Bill Maher - 'liberal' talk show host - has a form of bigotry he's fine with - weight.
On his show last Friday - and it's not the first time he's done this kind of thing - he called Chris Christy (double quotes since I think this is exact):
"a fat slob who can't stop eating unless he puts a tourniquet on his stomach".
Amazing the level of judgement by people who can't point to anything Christy is bad at as governor over weight. It's called 'the last acceptable bigotry' for a reason.
I said some of Charles' statements I found offensive; Maher is clearly much worse. Of course he called his old show 'politically incorrect', since it's ok for him.
I don't mind people who have the view posted above participating in the discussion - he seemed to say it about as non-offensively as he can.
It's good to let him talk and then respond.
I'd tell him what I've said to others - he can just read my posts - and clearly again his position is well beyond Charles' position.
I think Charles gives it too much weight, no pun intended, but he places it 'well below cheating', while the person above would base a vote on it.
It shows the person cares way too much about it - he didn't articulate any rational reason why it should matter the way it does for him, other than uninformed assumptions he makes.
But that's a big purpose of this forum IMO, to take a person who feels that way and votes that way, and ask them to back it up, to get informed, to think about it - and improve.
Would he really vote for someone he disagrees on policies with over someone he agrees with but who is morbidly obese?
If so that's his right but it's his right to make a mistake. To be pretty disgraceful as a citizen in my opinion in addition to just the immorality of bigotry.
But again let's put this back in context as well - it's not the only 'irrational' issue.
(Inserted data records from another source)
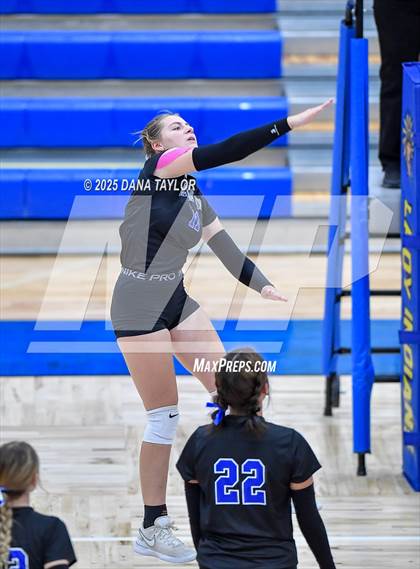 Thumbnail 1 in Richland Springs @ Lipan photogallery.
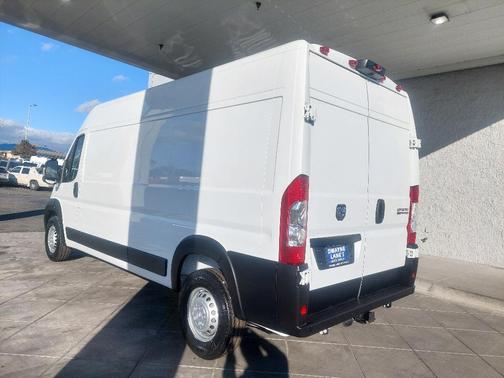 2025 RAM ProMaster 2500 High Roof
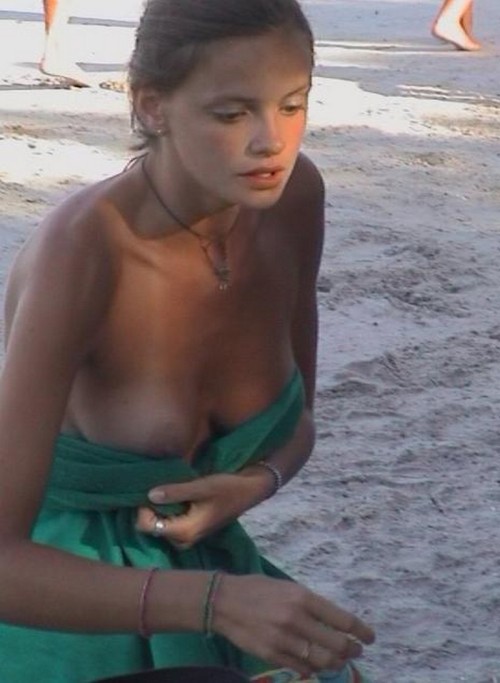 Jennifer Day Nude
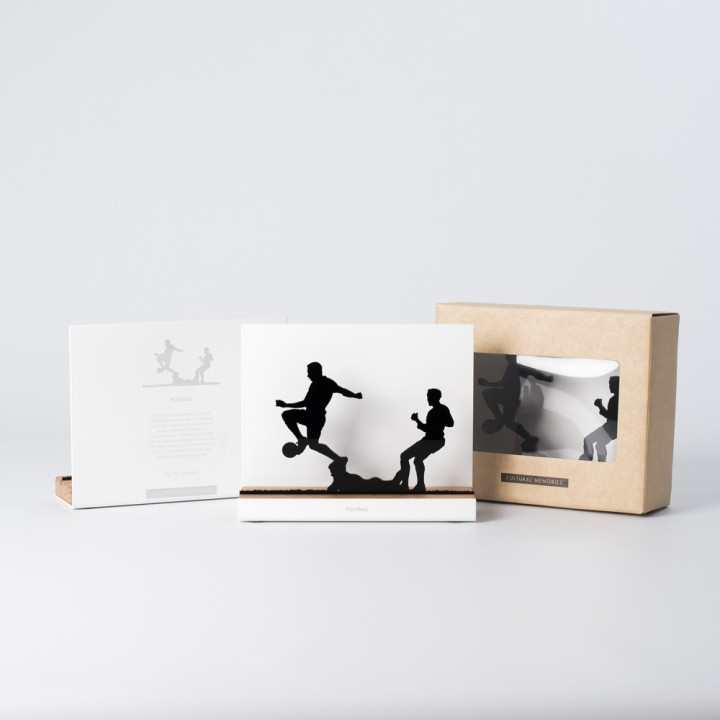 Figure "Football · Dribble over a tackle" next to its sleeve and its gift box
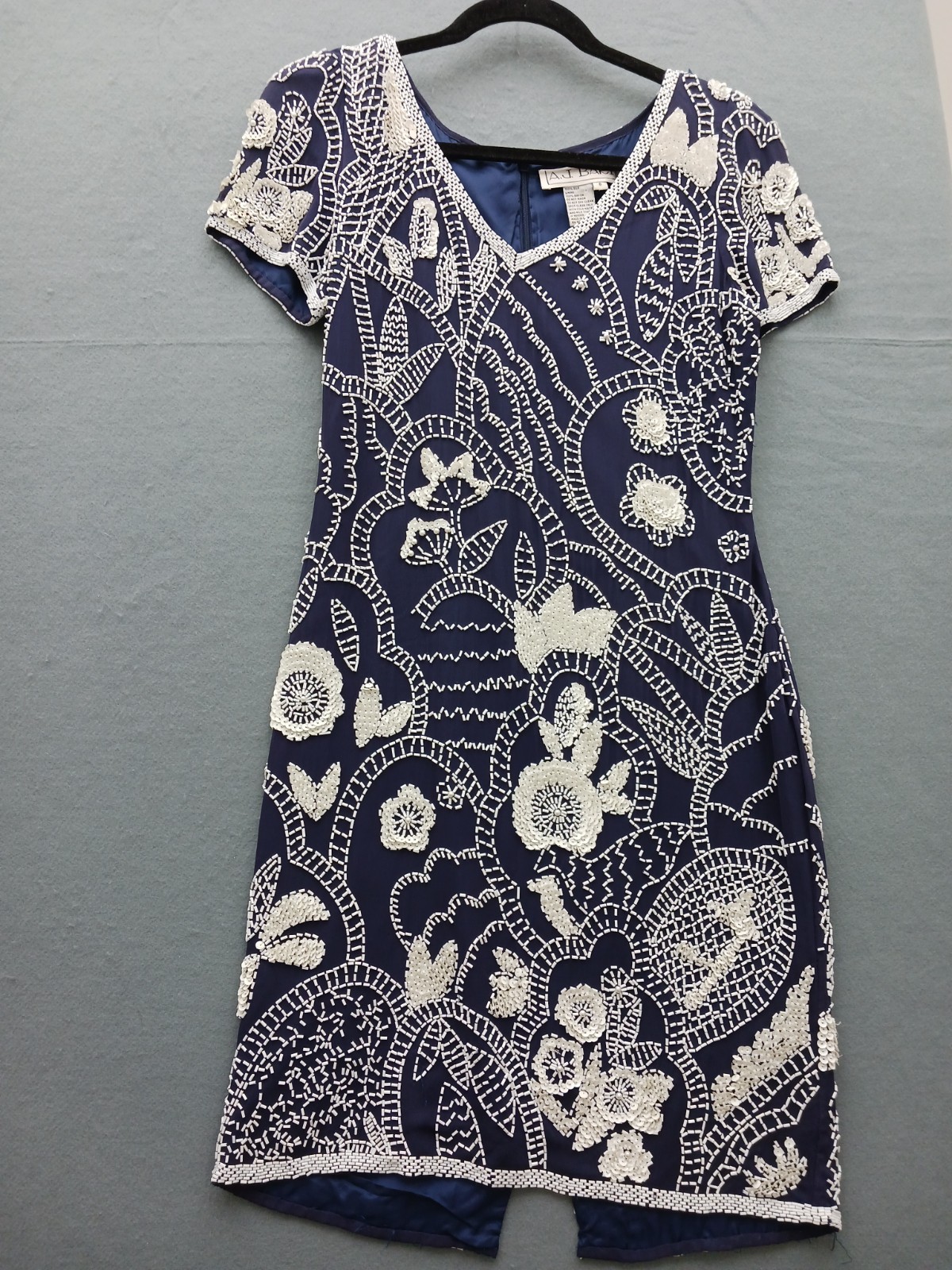 A.J. BARI Women’s Sheath Mini S Navy Embroidered Silk Stylish Comfortable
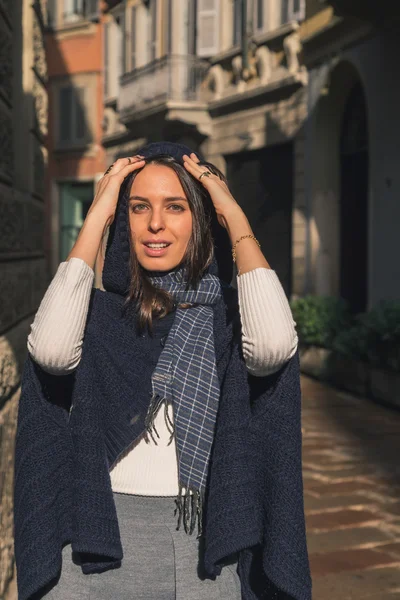 Hermosa chica posando en las calles de la ciudad — Foto de Stock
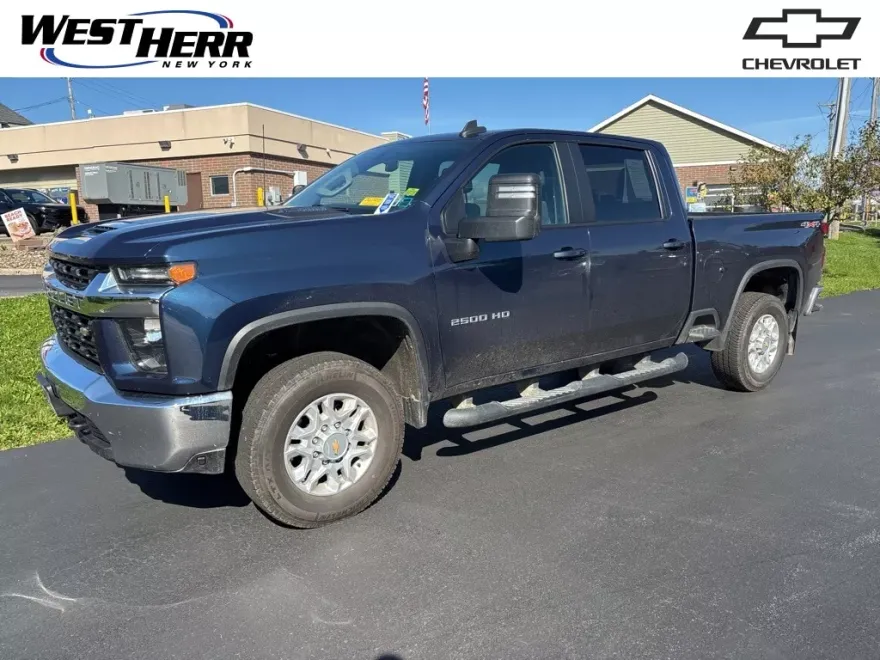 2023 Chevrolet Silverado 2500HD LT photo 1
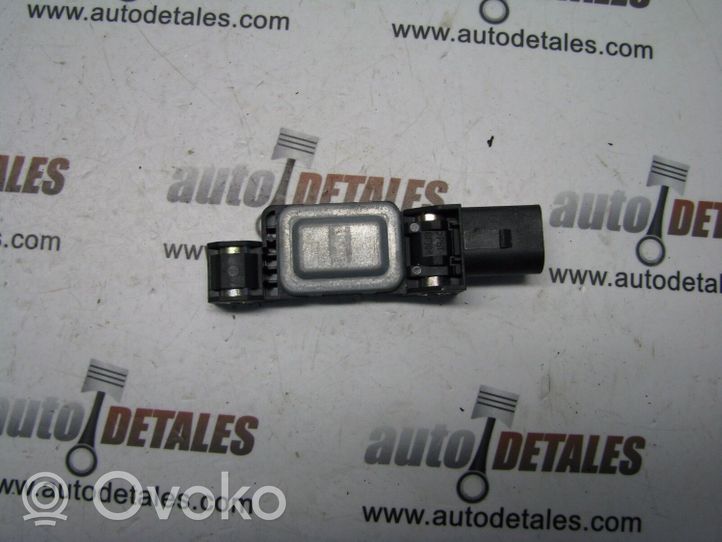 Porsche Cayenne (9PA) Sensore d’urto/d'impatto apertura airbag 4B0959643C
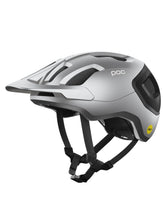 Załaduj obraz do przeglądarki galerii, Kask rowerowy POC Axion Race MIPS - Uran. Black/Argentite Silver Matt - poc warszawa
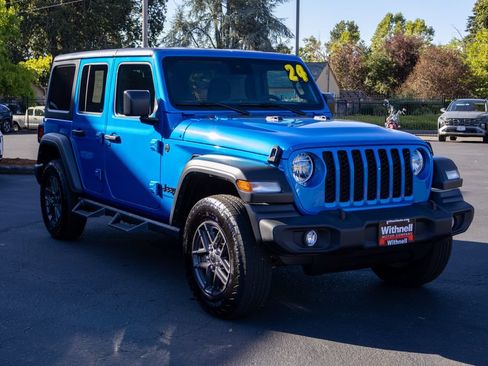 Used 2024 Jeep Wrangler Unlimited Sport AWD/4WD image 5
A lot of voters care about various types of physical appearance in who they vote for.
Not all, we have some ugly and good politicians, but John Kennedy's and many other politicians' looks did not hurt them getting elected.
Weight is part of that - but it has its own prejudices in addition to 'good looks'.
Today, I still boggle at how often television shows avoid any fat characters unless it's a very negative stereotype, almost always munching on screen.
Quick, who's one tv show star that's morbidly obese not named 'Rosanne'? Even very obese?
Now, the UK has done it a bit - there's a show called 'Cracker' with an overweight (and unhealthy, over-drinking, over-smoking slob who is pretty rude), but his weight is 'accepted'.
You might find a tiny bit of exceptions on US TV but I can't think of any others off the top of my head, and Roseanne took plenty of grief.
It's one of those things, if you keep your eyes open for it - watch the next few heavy people on TV shows - munch, bag of chips, ice cream, munch munch, negative things.
They'll often have that overweight person say something idiotic for the thin people to correct and such.